Yikes! Didn't someone tell Stein that this is how you end up having all of your electronic communications monitored by the NSA? More seriously, though, glad to see someone get something published in a mainstream newspaper that echoes many of the themes on this subject that I presented here back in October.

Space limitations probably prevented Stein from elaborating further about the perversity of transforming American troops into the victims of the Iraq war in light of the extreme violence and destruction that they have inflicted upon the country. Tom Engelhardt of TomDispatch has picked up the baton from Stein, publishing two highly personal, compelling e-mails from Vietnam veterans after his own reflections on the war in Iraq in relation to what has been described as the "Vietnam syndrome".

Here is an excerpt from one of them, written by Wade Kane:

At about the same time My Lai occurred, I was flying as a crew chief/gunner on a Chinook. Passing a small village I thought I heard a single shot directed at my helicopter. Or maybe it was just "blade pop." Looking into the village, I could see women and children in the streets in what I'd call a "pastoral scene." I elected not to "return fire," though by my unit's rules of engagement I could have done so. About an hour later we happened to fly past that village again. There was no one in sight, but there were numerous bomb craters in the rice paddies and where homes had been. My guess is that someone else received fire, or thought they received fire, returned fire, and the pilots called for an air strike. I doubt any of the people in the village had time to flee from the attack. Never ever have I heard anything about that event, just My Lai...

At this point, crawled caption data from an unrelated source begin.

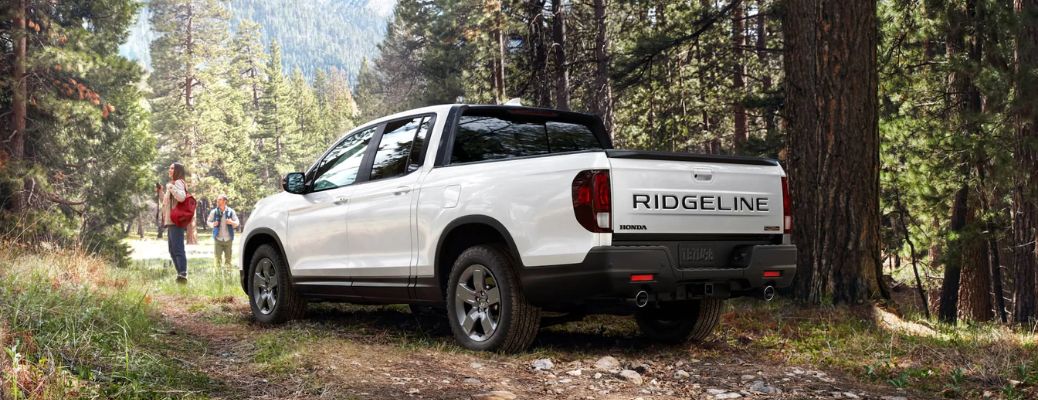 rear quarter view of the 2025 Honda Ridgeline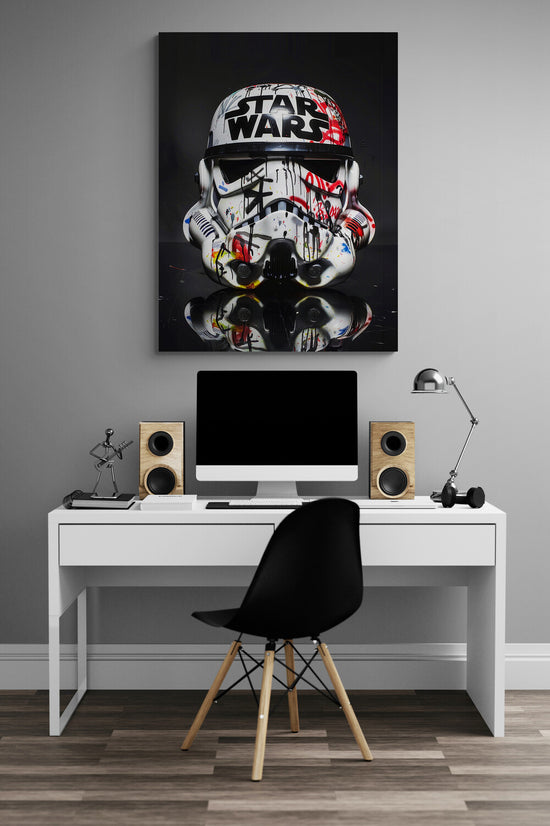 chambre adolescent, bureau deux tiroirs, ordinateur, enceintes, chaises noir, mur gris, affiche star wars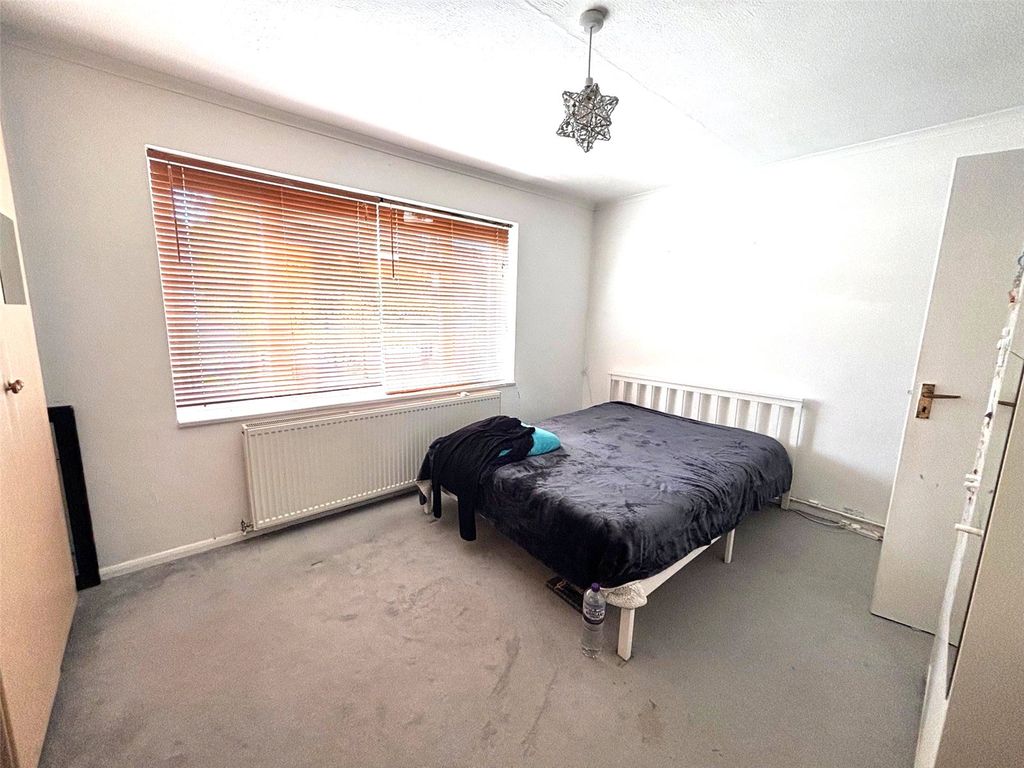 Property photo 3 of 10 Bedroom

People here got really worried about a flashlight at a Starbucks (which might have been a bomb). Had it been a bomb, which it wasn't, it would have weighed about 1/500th of what we routinely drop in residential neighborhoods in Iraq. It's like most people don't seem to realize what devastation we inflict there on a frequent basis. Today, for example, someone I know sent me some "feel good pictures" about our troops in Iraq. You know: old ladies holding up "Thanks, Mr. Bush" signs, smiling kids. Pictures she said that "just don't make the news." For "don't make the news," how about some pictures of kids that our bombs have eviscerated?

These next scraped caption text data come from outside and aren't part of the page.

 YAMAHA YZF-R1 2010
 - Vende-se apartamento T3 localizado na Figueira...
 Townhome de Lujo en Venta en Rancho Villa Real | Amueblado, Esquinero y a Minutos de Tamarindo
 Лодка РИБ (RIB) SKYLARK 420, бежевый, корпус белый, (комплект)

Both e-mails expose our ethnocentrism, our insistence upon making the occupation of Iraq about us, when instead, it is overwhelmingly about the people rendered invisible by the media, the military and the resistance: the Iraqis themselves. Perhaps, only when the last soldiers are being evacuated from Baghdad, will we finally acknowledge that the Iraqis were the lead performers in this conflict. It is their lives, their families, their injuries and their deaths that constitute the core, the centerpiece of this narrative. The politically puerile call to "support the troops" by some on the left, a call that frequently mutates into emphasizing the need to actually improve their weaponry and safety gear, such as body armor, merely serves to push the day of this evacuation farther into the future as more and more Iraqis are killed.